Co rozwścieczyło wiedeńczyków
Wystawienie "Korowodu" w Wiedniu w 1921 r. wywołało zamieszki. Zakazano dalszych przedstawień.
Sztuka Arthura Schnitzlera powstała w 1897 r., została opublikowana w 1903 r., ale już rok później zakazano jej drukowania w Niemczech. Cóż tak bulwersowało widzów w tej sztuce? Powiedzieć trzeba, że są to lata, kiedy Zygmunt Freud ogłosił rewelacje o tym, że popęd seksualny decyduje o wielu naszych czynach i pragnieniach. Jakkolwiek tłumiony przez kulturę i wychowanie, nieustannie daje znać o sobie, i to zarówno u profesora czy hrabiego jak prostego żołnierza. Schnitzler jako psychiatra znał pracę twórcy psychoanalizy.
"Korowód" opowiada o dziesięciu spotkaniach kobiet i mężczyzn. Zestaw pań i panów stanowi reprezentację wszystkich warstw społecznych. Wszyscy śpią ze wszystkimi i poruszają się w korowodzie zdrad i zapewnień o wierności, słowem w kręgu hipokryzji. Nikt nie lubi, gdy się ujawnia jego skryte pragnienia. I z pewnością to rozwścieczało wiedeńczyków w 1921 roku.

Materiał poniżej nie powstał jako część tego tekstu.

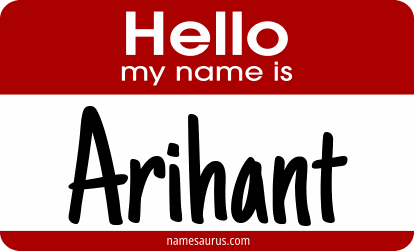 Hello my name is Arihant png download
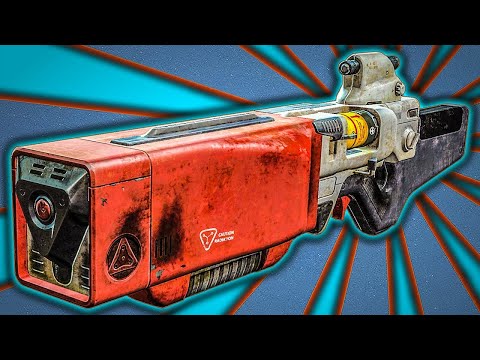 Fallout 4 - Virgil's Rifle - Unique Weapon Guide
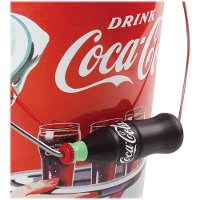 Coca-Cola 4-Quart Electric Ice Cream Maker - Red-2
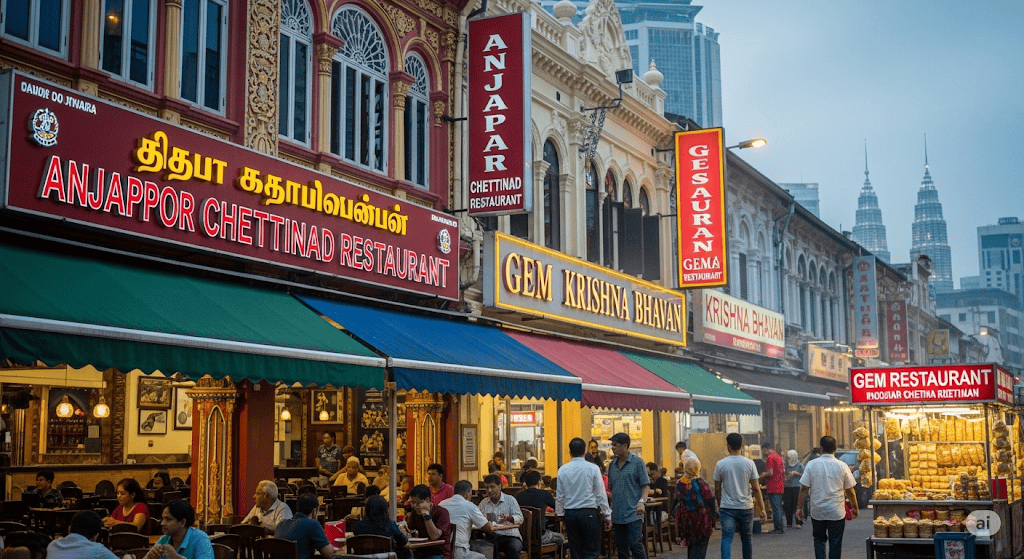 Top 10 Indian Restaurants in Kuala Lumpur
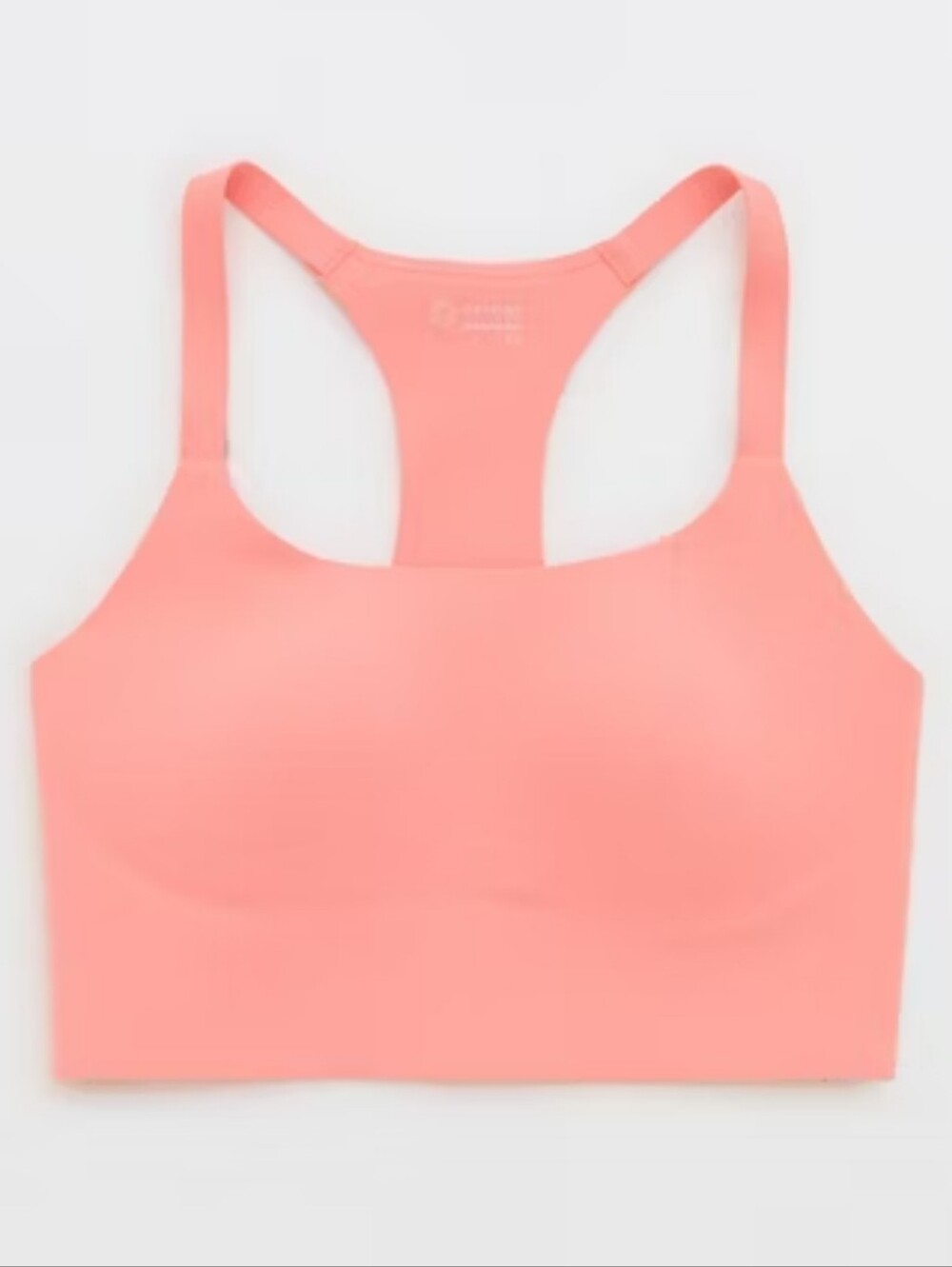 OFFLINE By Aerie Real Me XTRA Hold Up! Strappy Sports Bra |- Coral Pink XSD
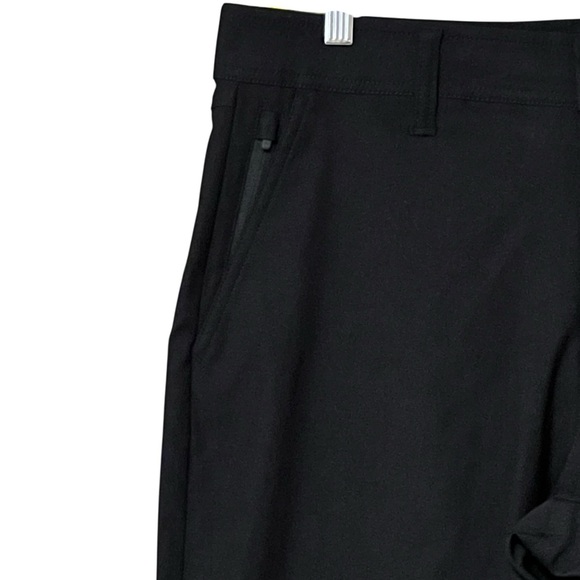 Weatherproof Hybrid Tech Pants 32x32 Black Water Resistant Pockets Stretch NWT - Picture 4 of 8
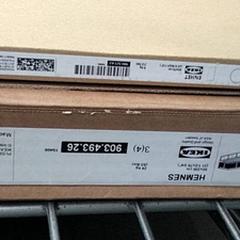 Colis, a été signalé par IKEA Gent utilisant iLost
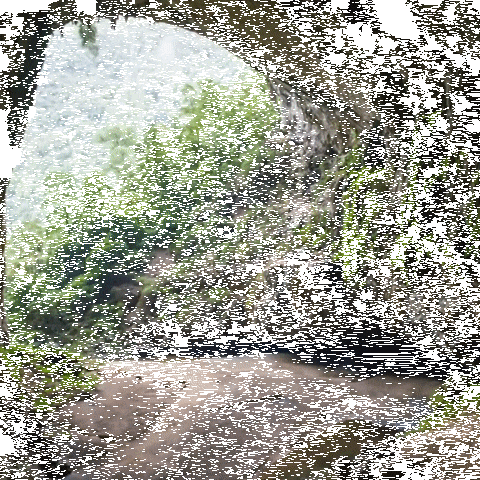 Tropical Storm Vietnam Cave GIF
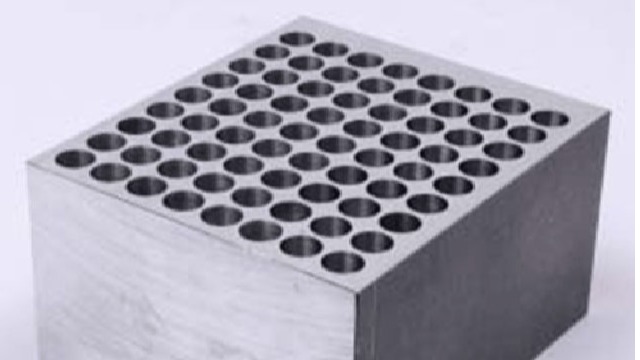 高速电主轴BMS-4020用于φ6㎜&nbsp;钻孔应用（A5052）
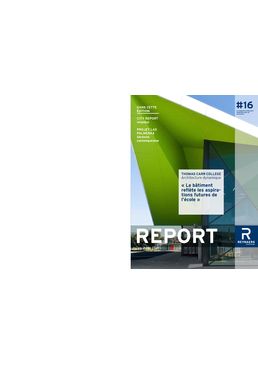 Façade respirante à vitrage double peau | CW 86-BR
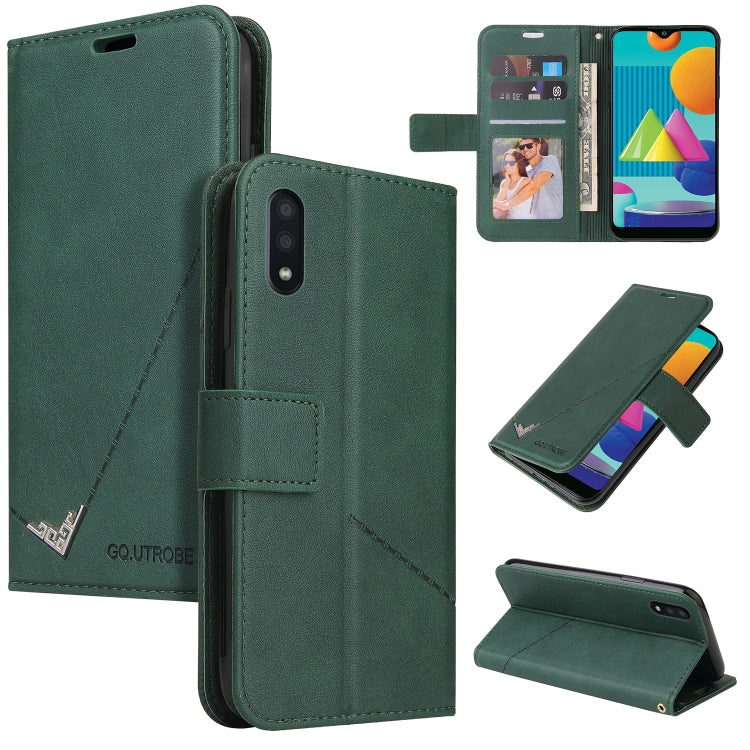 GQUTROBE Right Angle Leather Phone Case, For Samsung Galaxy A72 5G, For Samsung Galaxy A52 5G, For Samsung Galaxy A42 5G, For Samsung Galaxy A32 5G, For Samsung Galaxy A32 4G, For Samsung Galaxy A22 5G, For Samsung Galaxy A22 4G, For Samsung Galaxy A12...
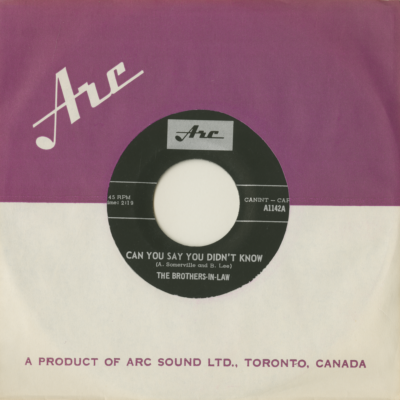 Can You Say You Didn't Know / The Carl D Bradley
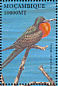 Magnificent Frigatebird Fregata magnificens  2002 Seabirds Sheet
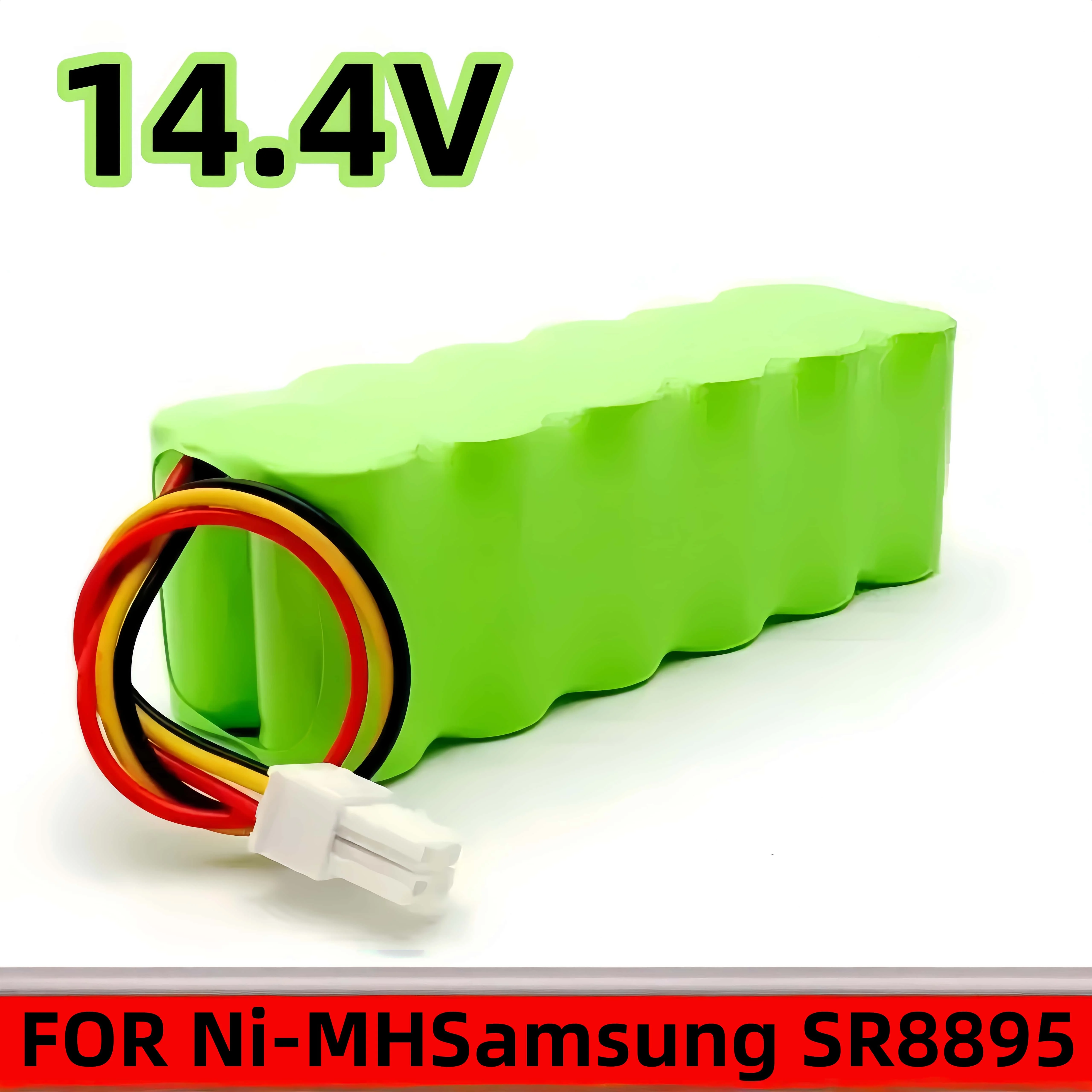 

Для 14,4 В никель-водного робота-пылесоса 4800 мАч/9800 мАч Samsung SR8895 SR8840 SR8845 VCA-RBT20 DJ96-00113C аккумулятор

Agnieszka Glińska, reżyserka spektaklu w warszawskim Teatrze Ateneum, wyczuła wspaniale przewrotność tych podchodów miłosnych, ich siłę komiczną, toteż widzowie wybuchają raz po raz szczerym śmiechem. Choć sztuka została napisana 100 lat temu, relacje pomiędzy panami i paniami, sztuka uwodzenia nie zmieniła się. Kluczem do powodzenia jest trafne obsadzenie ról oraz właściwy rytm prowadzenia narracji. W efekcie można powiedzieć, że Agnieszka Warchulska, Małgorzata Pieńkowska, Magdalena Wójcik, Dominika Ostałowska oraz panowie Grzegorz Damięcki, Andrzej Zieliński, Tomasz Dedek, Arkadiusz Nader i Bartosz Opania stworzyli wyrazisty portret społeczeństwa nie tylko austriackiego.